Nella vicenda che ha travolto l'Università per Stranieri di Perugia è entrato anche il folignate
Perugia

Il caso Suarez si arricchisce di nuovi elementi.
Nella vicenda che ha travolto l'Università per Stranieri di Perugia è entrato anche il folignate Federico Cherubini, Head of Football Teams and Technical Areas della Juventus. Sarebbe stato lui a contattare il magnifico rettore dell'Università per gli Studi Maurizio Oliviero, per sapere se il suo ateneo tenesse gli esami di italiano necessari per la cittadinanza.
Alla richiesta il professor Oliviero gli ha risposto di rivolgersi all'Università per Stranieri.
Lo ha reso noto lo stesso rettore dell'Università di Perugia Maurizio Oliviero, che ha dichiarato ai microfoni dell'Ansa di non essere stato contattato da Fabio Paratici, chief football officer della Juventus, ma da Federico Cherubini, in virtù di una vecchia conoscenza.

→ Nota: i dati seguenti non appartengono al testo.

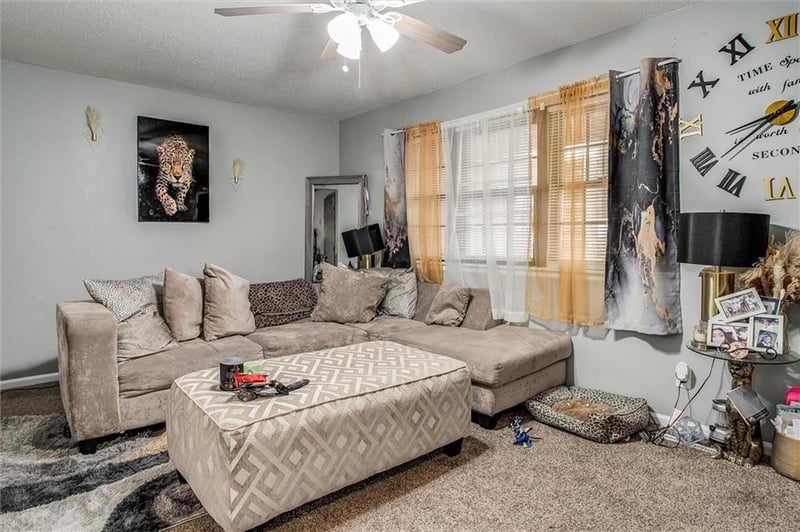 5701 100th St, Kansas City, MO 64137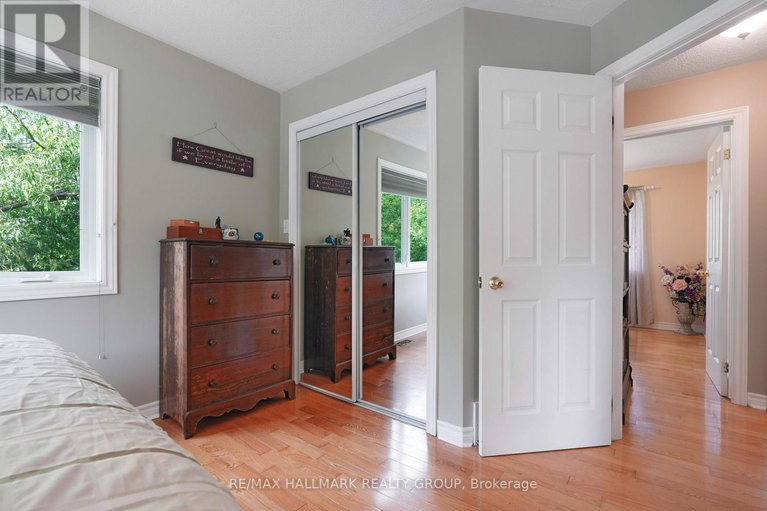 28430481/184-old-pakenham-road/fitzroy/ottawa/ontario/K0A1X0_22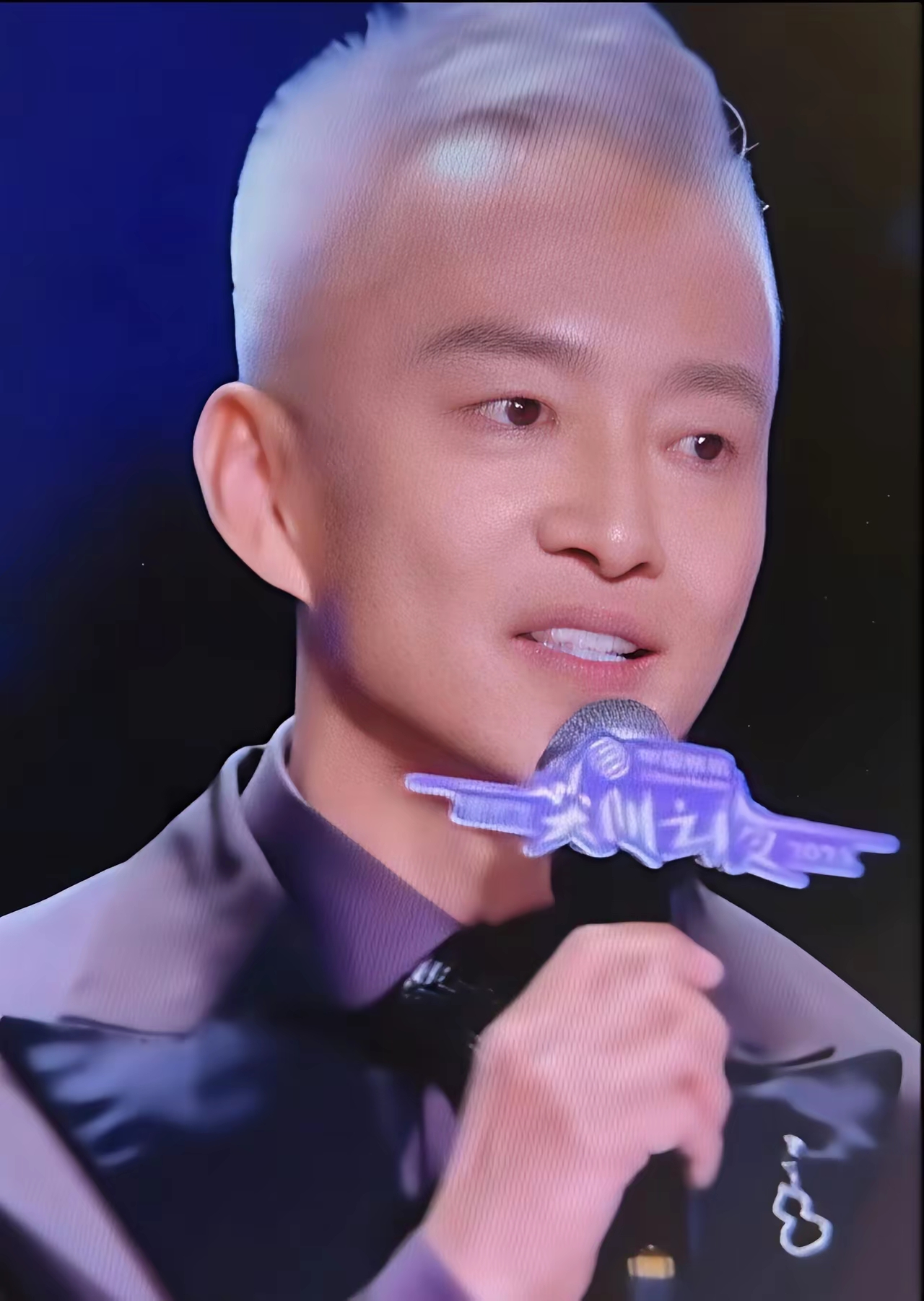 老公白了我一眼说你连他都不认识吗?那《同一首歌》你知道不?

A poco a poco si sta cercando di ricostruire il caso dell'esame "farsa" sostenuto da Luis Suarez presso l'Università per stranieri di Perugia. Il rettore della Statale umbra Maurizio Oliviero che nei prossimi giorni sarà ascoltato come testimone aveva dichiarato a Repubblica di essere stato contattato da "una persona che fa parte dello staff della Juventus", per capire se nel suo ateneo si potesse sostenere il test B1. In un primo momento si pensava che fosse stato Paratici, ovvero lo Chief Football Officer del club bianconero".

Federico Cherubini è una figura di primissimo piano nella Juventus e molto vicina ad Andrea Agnelli. Non è un caso che il presidente abbia deciso di affidarsi a lui, quasi come braccio destro all’interno del club. Da coordinatore dell’under 23, a vice responsabile dell’area tecnica, fino all’incarico di Head of Football Teams and Technical Areas. Nelle scorse settimane si è parlato anche di un possibile futuro con maggiore ingerenza sul mercato, proprio al posto di Fabio Paratici. Un possibile avvicendamento che per ora è stato rimandato però al futuro.